Child and Adolescent Data Lab, University of Michigan, School of Social Work, 1080 S University Ave, Ann Arbor, MI, 48109, United States.
Indiana University School of Social Work, 902 West New York Street Indianapolis, Indiana, 46202, United States.
Child Abuse Negl. 2019 Dec;98:104180. doi: 10.1016/j.chiabu.2019.104180. Epub 2019 Sep 12.

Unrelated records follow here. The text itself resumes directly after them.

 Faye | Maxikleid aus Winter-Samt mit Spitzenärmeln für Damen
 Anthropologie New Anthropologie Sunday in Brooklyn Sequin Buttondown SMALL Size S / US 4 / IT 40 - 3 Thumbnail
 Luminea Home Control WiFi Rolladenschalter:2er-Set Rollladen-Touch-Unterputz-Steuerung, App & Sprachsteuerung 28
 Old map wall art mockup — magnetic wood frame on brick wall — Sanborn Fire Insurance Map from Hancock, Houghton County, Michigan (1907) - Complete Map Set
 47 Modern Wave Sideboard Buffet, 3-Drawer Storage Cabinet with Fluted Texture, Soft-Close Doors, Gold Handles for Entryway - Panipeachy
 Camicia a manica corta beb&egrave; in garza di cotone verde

State child welfare agencies collect, store, and manage vast amounts of data. However, they often do not have the right data, or the data is problematic or difficult to inform strategies to improve services and system processes. Considerable resources are required to read and code these text data. Data science and text mining offer potentially efficient and cost-effective strategies for maximizing the value of these data.
The current study tests the feasibility of using text mining for extracting information from unstructured text to better understand substance-related problems among families investigated for abuse or neglect.
A state child welfare agency provided written summaries from investigations of child abuse and neglect. Expert human reviewers coded 2956 investigation summaries based on whether the caseworker observed a substance-related problem. These coded documents were used to develop, train, and validate computer models that could perform the coding on an automated basis.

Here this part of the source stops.